(RECORDS PROVIDED)

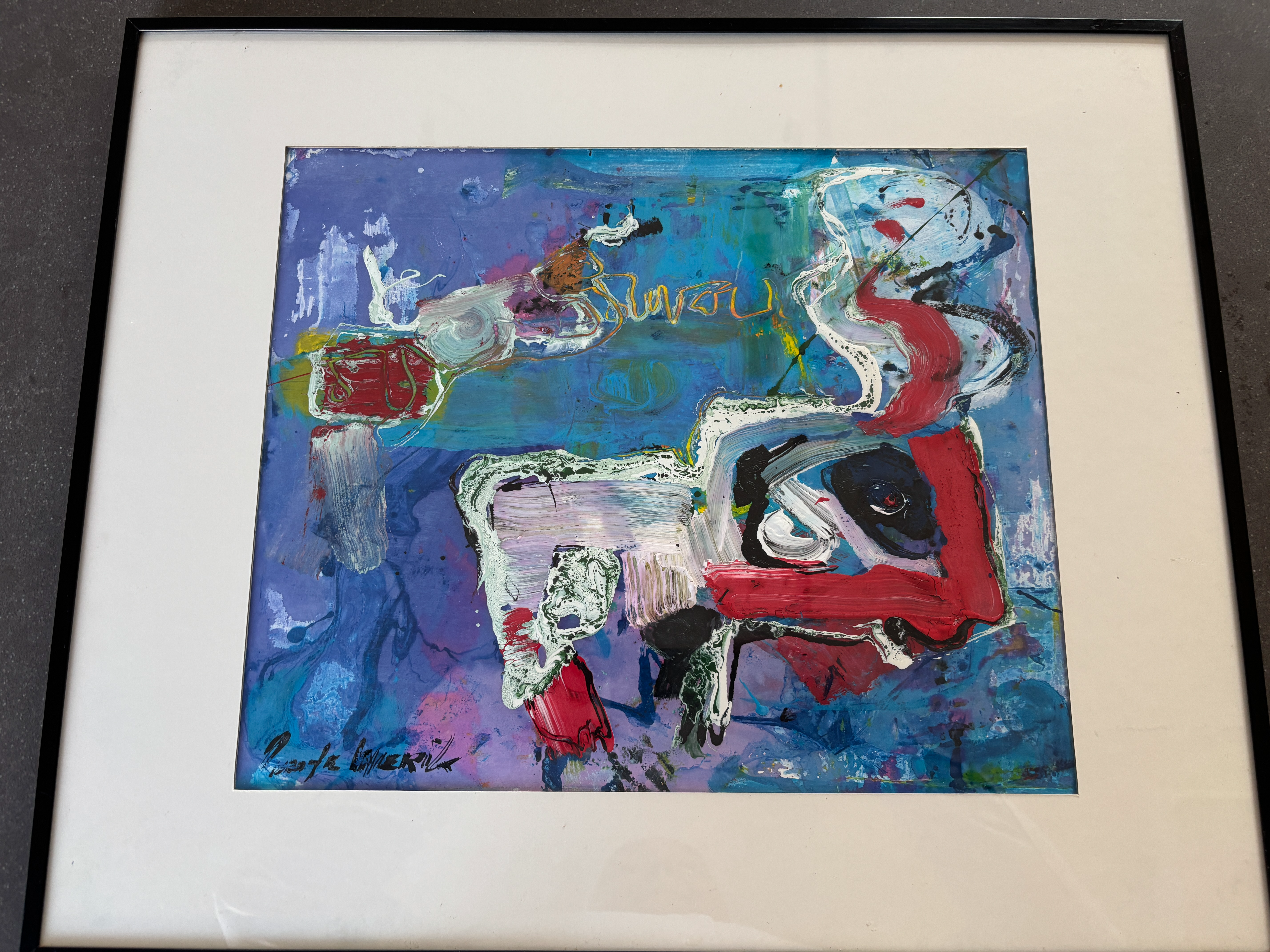Jan te Wierik - ingelijst en ophangklaar diepblauw schilderij met abstracte figuren kopen? Bied vanaf 499!
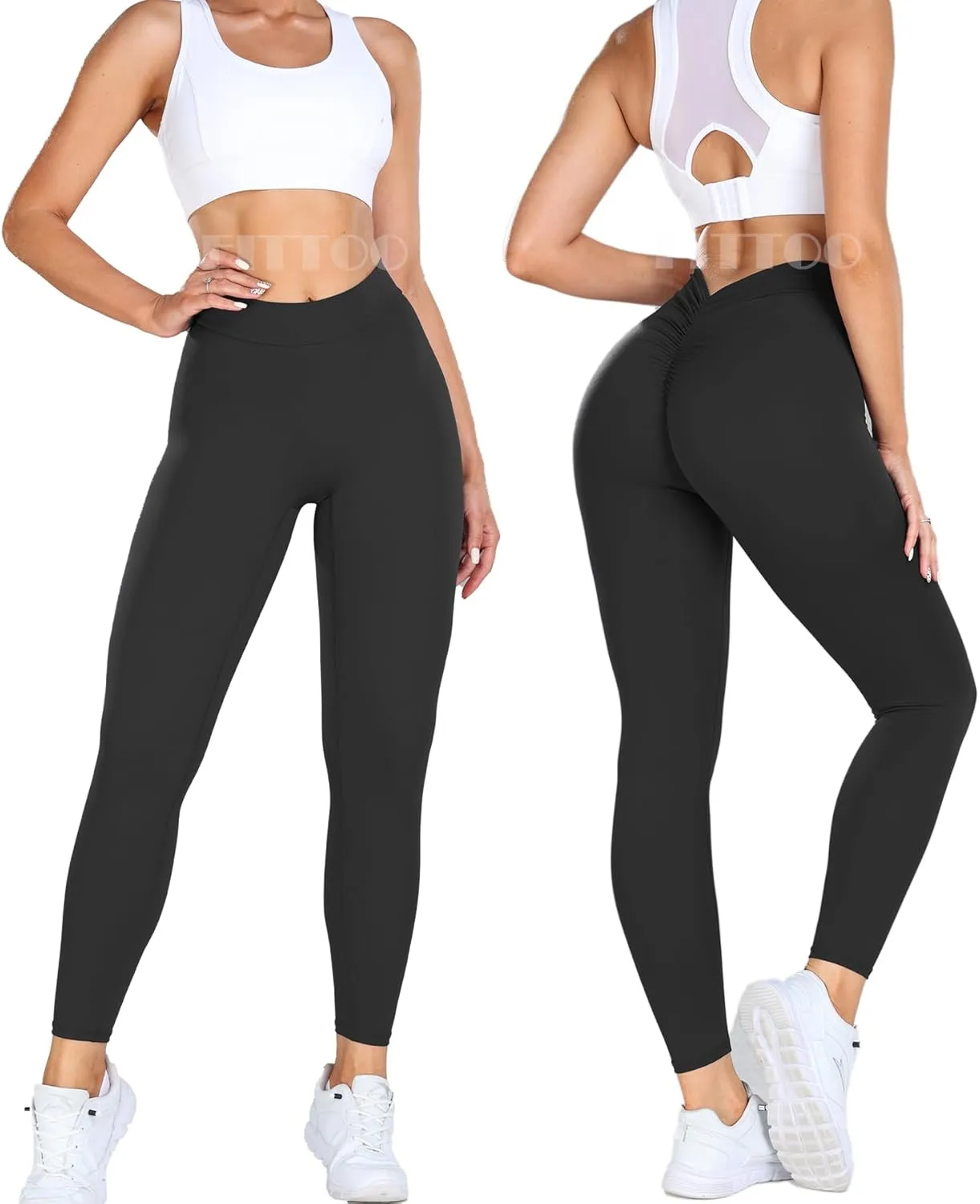 FITTOO V-Back Scrunch Butt Lift Leggings for Women High Waist Tummy Control Booty Gym Workout Yoga Pants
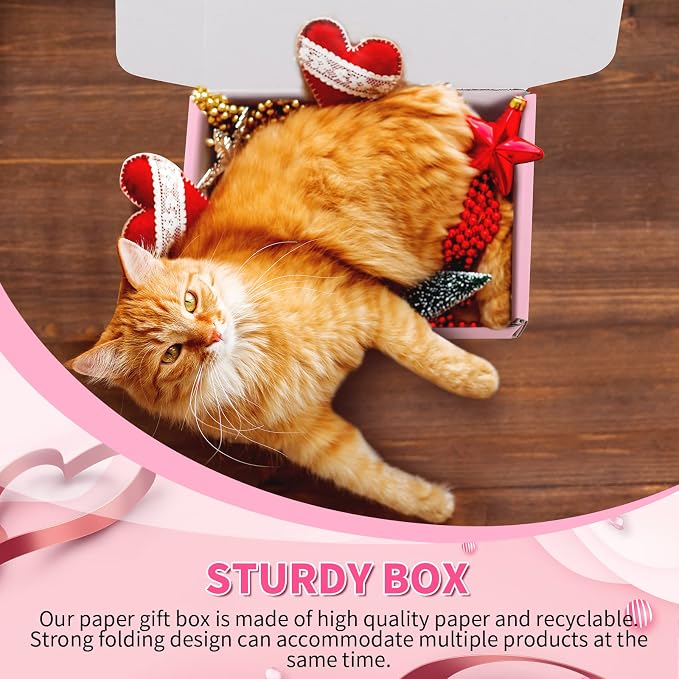 Spakon 50 Packs Shipping Boxes Cardboard Corrugated Mailer Packaging Boxes for Small Business Cute Small Box Cardboard Carton Box Mailers for Packaging Product(Pink,9 x 6 x 2.36 Inches)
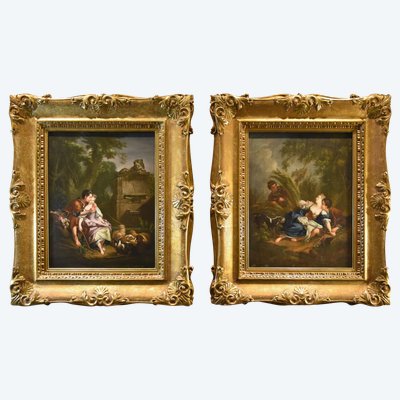 Francois Boucher (paris, 1703 - 1770), The Surprised Lovers/the Pleasant Le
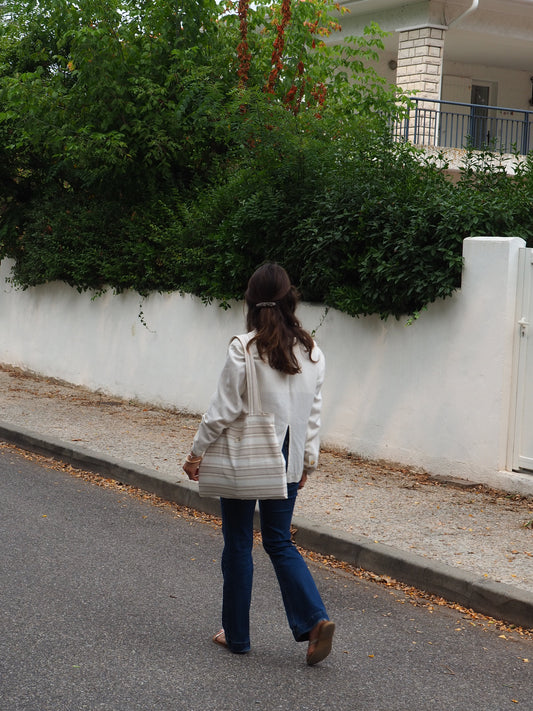 Tote bag poche - Blanc rayures beiges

(End RECORDS PROVIDED)

- _ACTIVITY_
Apart from the pictures, all of the data should be repeated exactly.

- _WRITTEN RESPONSE_
Jan te Wierik - ingelijst en ophangklaar diepblauw schilderij met abstracte figuren kopen? Bied vanaf 499!
 FITTOO V-Back Scrunch Butt Lift Leggings for Women High Waist Tummy Control Booty Gym Workout Yoga Pants
 Spakon 50 Packs Shipping Boxes Cardboard Corrugated Mailer Packaging Boxes for Small Business Cute Small Box Cardboard Carton Box Mailers for Packaging Product(Pink,9 x 6 x 2.36 Inches)
 Francois Boucher (paris, 1703 - 1770), The Surprised Lovers/the Pleasant Le
 Tote bag poche - Blanc rayures beiges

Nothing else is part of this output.